The Genus Carduus L. In Nebraska
Document Type Article
Published by The University at Lincoln
The genus Carduus L., a member of the Compositae, consists of approximately 120 species native to Europe (Arenes, 1949; Mulligan and Frankton, 1954). Of these, C. acanthoides L., C. crispus L. and C. nutans L., have been introduced to North America, but only C. acanthoides and C. nutans have been reported in Nebraska.
A general description of the Nebraska members of this genus is as follows: annuals or biennials; herbaceous stems spiny winged; leaves lobed with spiny margins; heads solitary or clustered at end of branches; phyllaries imbricated, spine-tipped in many rows; florets tubular, perfect, usually purple, rarely white; cypsela oblong, glabrous, with shallow longitudinal grooves; pappus of simple, denticulate hairs in many rows.
From field observations, it appeared that the seeds of Carduus normally germinate in mid-summer and then the plant passes through the following winter in a rosette stage. In the spring the plant mayor may not bolt and produce flowers.
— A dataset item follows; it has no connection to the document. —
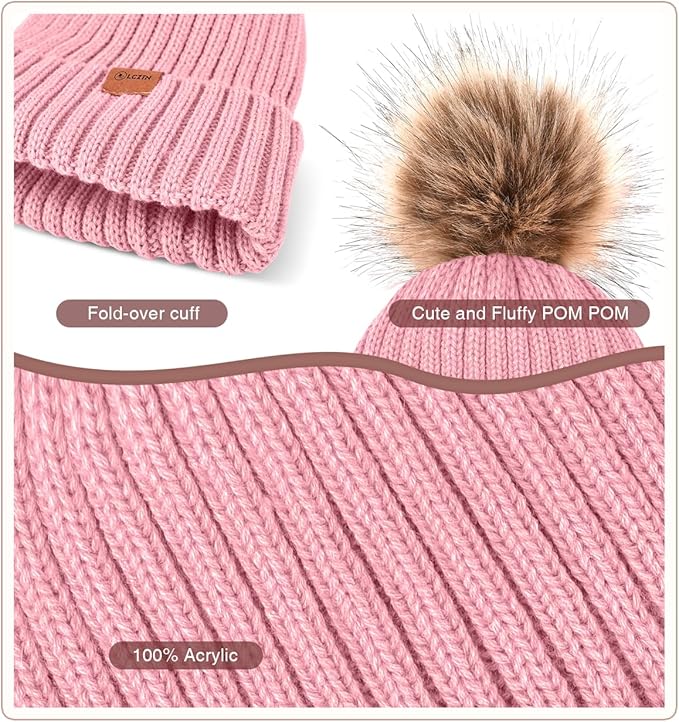 Womens Winter Beanie Hat Gloves Set,Fleece Lined Warm Knit Pom Pom Ski Hat Touchscreen Gloves Set Gifts for Cold Weather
If it does not bolt, then it passes through the next winter still in the rosette stage.
According to present evidence, members of the genus Carduus were introduced into Nebraska in the early 1930's, but they posed no significant problem until recently. However, since approximately 1958, the population has demonstrated a dramatically rapid increase from a few scattered members in the southeast portion of the state to large stands covering up to twenty or more acres. This increase has become so great that in 1966, upon the recommendation of the Nebraska Extension Weed Control, the genus was placed on the Nebraska list of noxious weeds.